◆ Work instructions: Copy exactly, and only, the lines between the start of the entries below and the line containing "So in terms", both inclusive. Omit pictures.

◆ Saved entries:
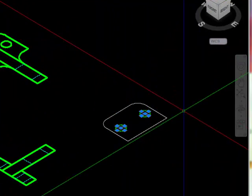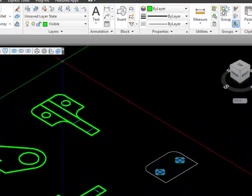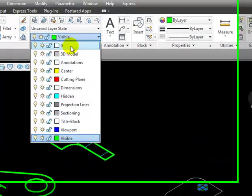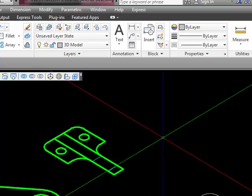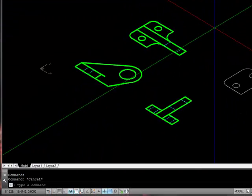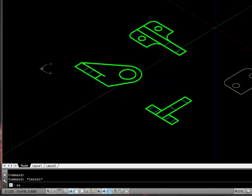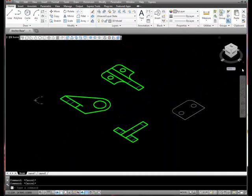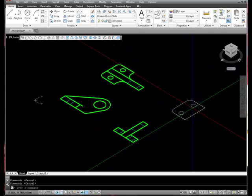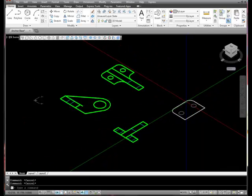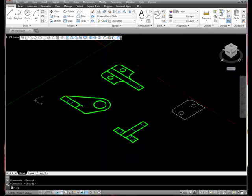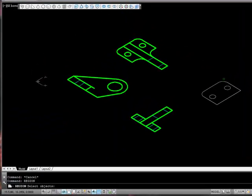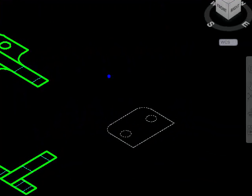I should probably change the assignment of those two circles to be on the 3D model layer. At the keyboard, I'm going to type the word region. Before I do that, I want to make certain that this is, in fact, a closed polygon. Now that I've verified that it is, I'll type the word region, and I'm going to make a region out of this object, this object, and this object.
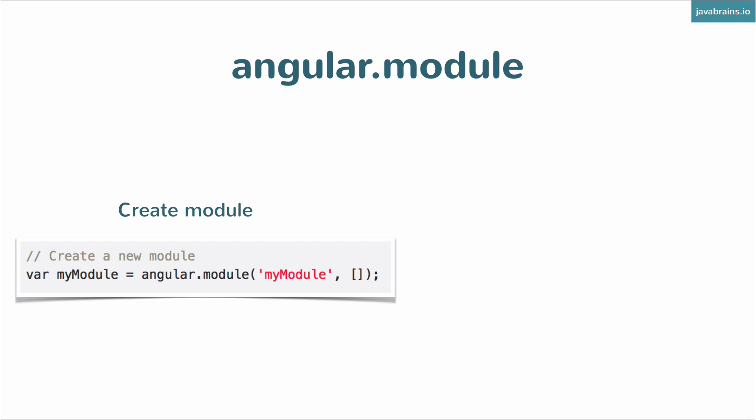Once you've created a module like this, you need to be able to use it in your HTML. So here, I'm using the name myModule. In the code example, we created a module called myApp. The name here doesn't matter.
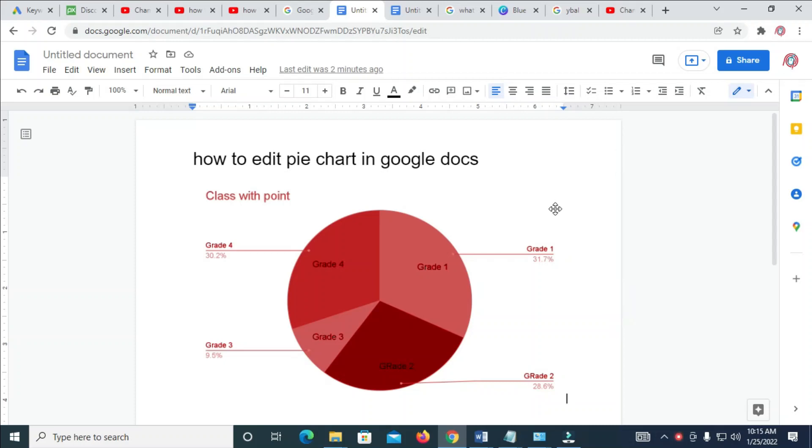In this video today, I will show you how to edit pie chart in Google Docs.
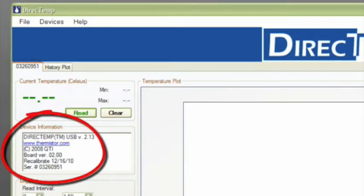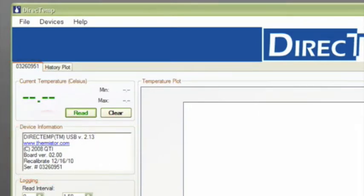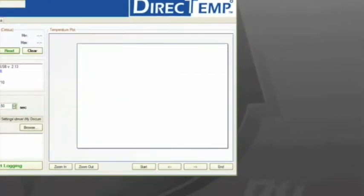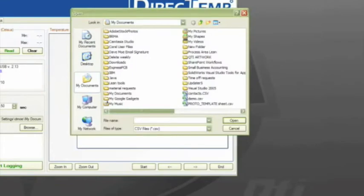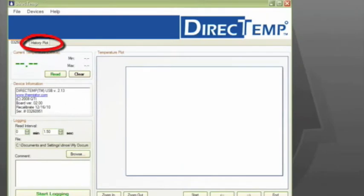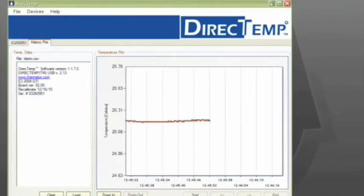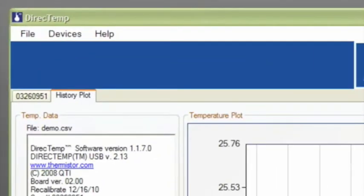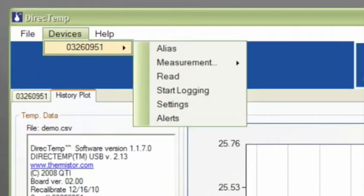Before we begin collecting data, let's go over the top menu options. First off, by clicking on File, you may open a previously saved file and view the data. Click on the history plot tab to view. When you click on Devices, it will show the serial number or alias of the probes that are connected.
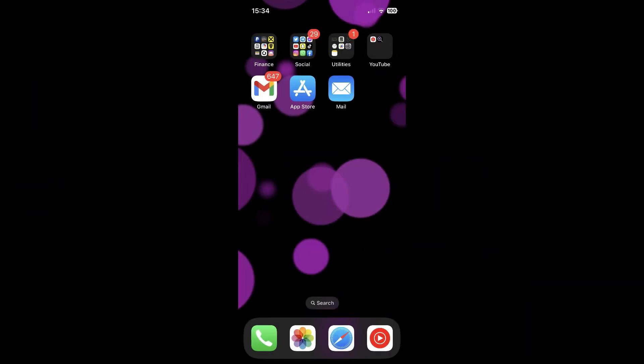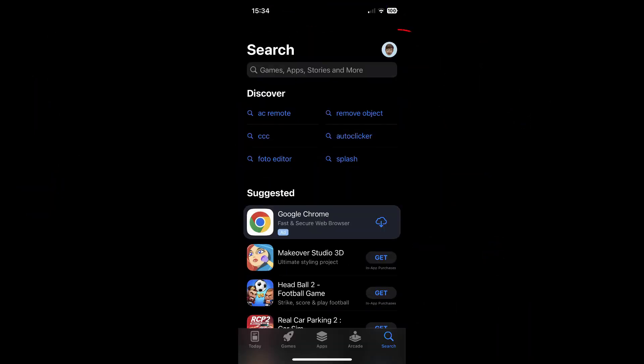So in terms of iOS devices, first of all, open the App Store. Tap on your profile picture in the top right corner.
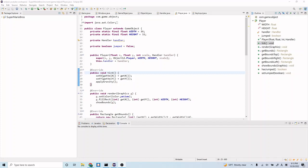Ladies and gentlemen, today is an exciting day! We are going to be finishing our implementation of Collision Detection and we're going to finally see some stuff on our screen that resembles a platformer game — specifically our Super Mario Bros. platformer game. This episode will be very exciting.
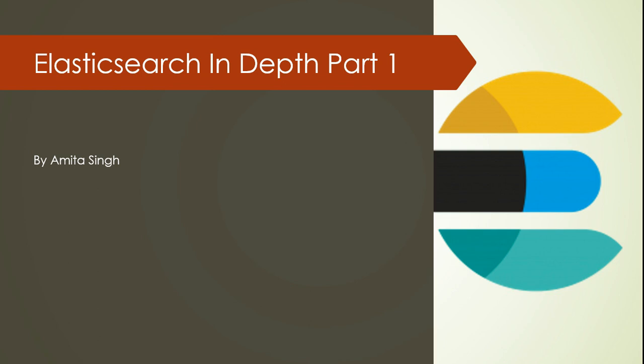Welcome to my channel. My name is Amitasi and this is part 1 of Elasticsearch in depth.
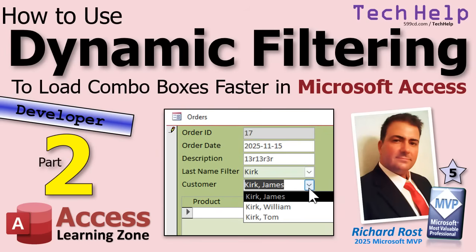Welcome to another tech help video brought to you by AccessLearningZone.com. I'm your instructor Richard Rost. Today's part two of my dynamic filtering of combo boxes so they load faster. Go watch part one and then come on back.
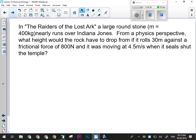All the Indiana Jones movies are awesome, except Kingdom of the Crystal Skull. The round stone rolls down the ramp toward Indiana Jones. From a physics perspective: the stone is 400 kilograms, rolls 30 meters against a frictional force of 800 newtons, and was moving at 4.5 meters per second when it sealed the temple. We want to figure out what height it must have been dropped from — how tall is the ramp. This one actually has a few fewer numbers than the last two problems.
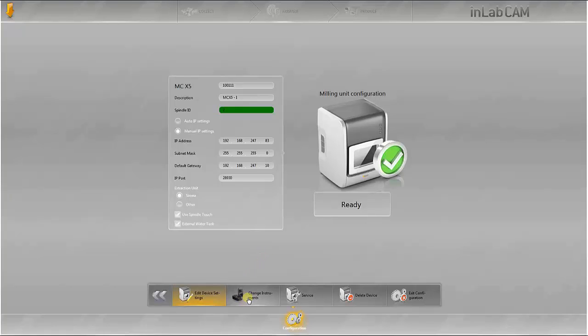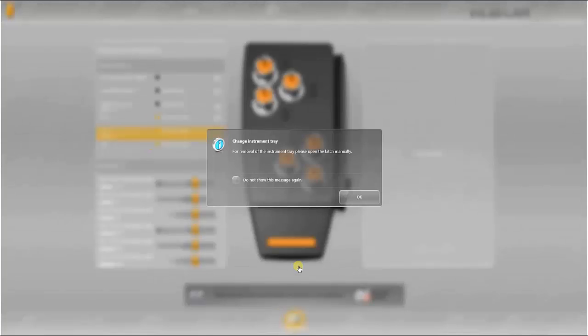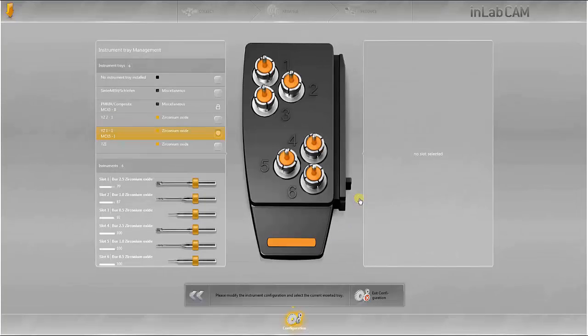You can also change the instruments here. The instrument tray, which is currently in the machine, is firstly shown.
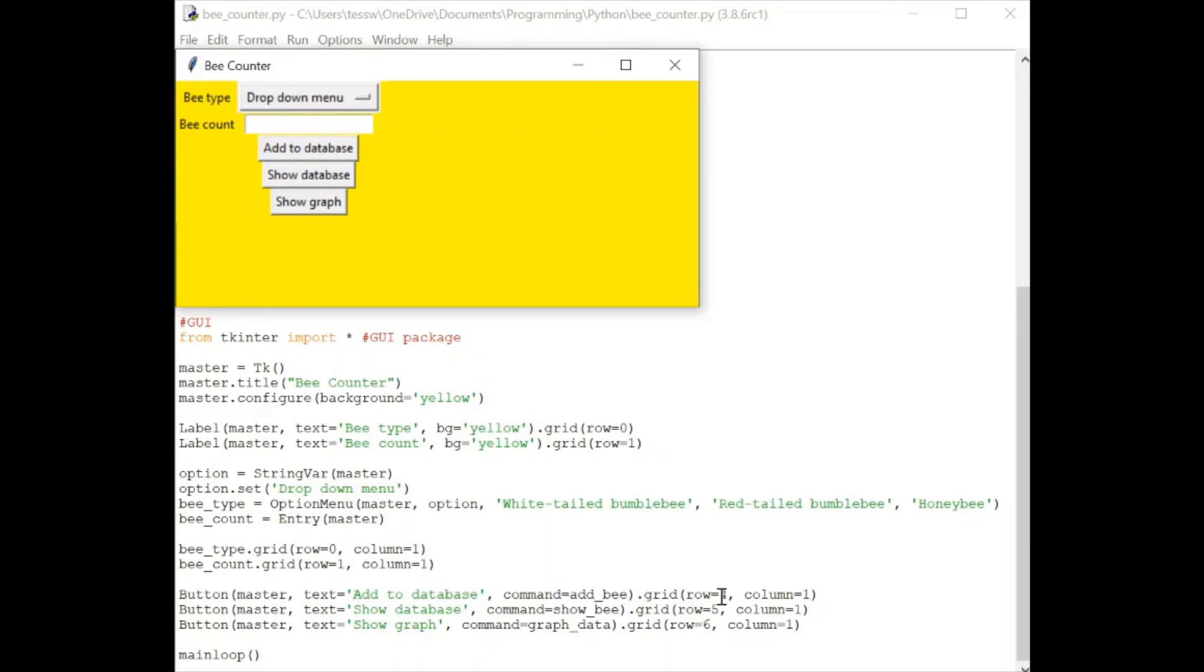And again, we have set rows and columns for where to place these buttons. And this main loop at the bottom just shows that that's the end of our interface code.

◆ Solved problem:
I should probably change the assignment of those two circles to be on the 3D model layer. At the keyboard, I'm going to type the word region. Before I do that, I want to make certain that this is, in fact, a closed polygon. Now that I've verified that it is, I'll type the word region, and I'm going to make a region out of this object, this object, and this object.
Once you've created a module like this, you need to be able to use it in your HTML. So here, I'm using the name myModule. In the code example, we created a module called myApp. The name here doesn't matter.
In this video today, I will show you how to edit pie chart in Google Docs.
Before we begin collecting data, let's go over the top menu options. First off, by clicking on File, you may open a previously saved file and view the data. Click on the history plot tab to view. When you click on Devices, it will show the serial number or alias of the probes that are connected.
So in terms of iOS devices, first of all, open the App Store. Tap on your profile picture in the top right corner.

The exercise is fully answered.